About this task:
Nothing but the lines from the one with "Jordan 1 Retro" down to the one with "Alliance or blanc diamants 2,2 ct" should be returned, exactly and with both ends included, from the material below.

Exercise inputs:
━━━━

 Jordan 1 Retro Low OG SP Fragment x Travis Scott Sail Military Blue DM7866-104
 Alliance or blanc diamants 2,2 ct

━━━━

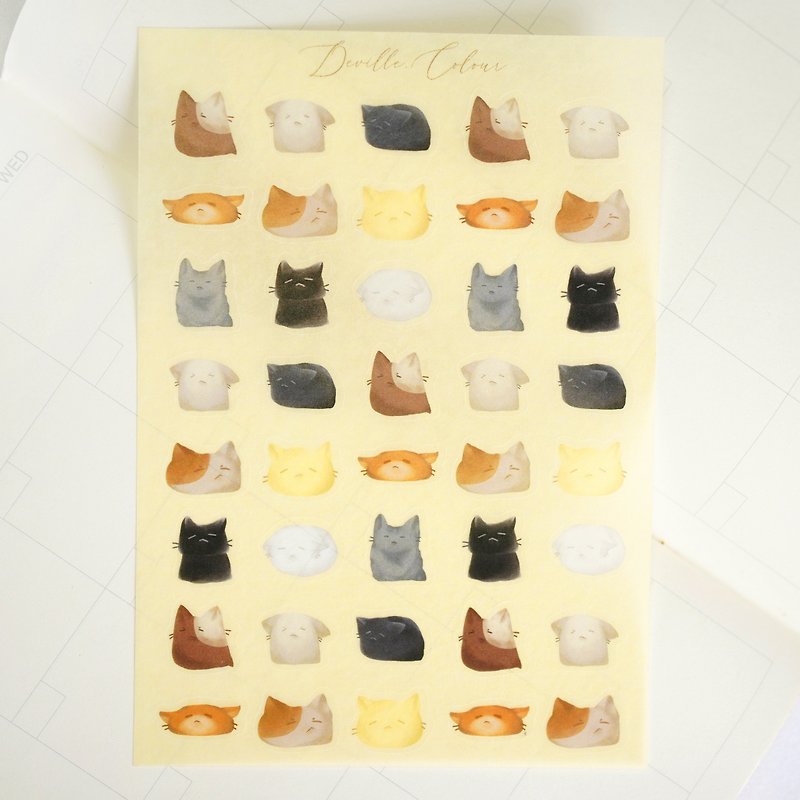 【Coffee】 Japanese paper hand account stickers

━━━━

Task solution:
 Jordan 1 Retro Low OG SP Fragment x Travis Scott Sail Military Blue DM7866-104
 Alliance or blanc diamants 2,2 ct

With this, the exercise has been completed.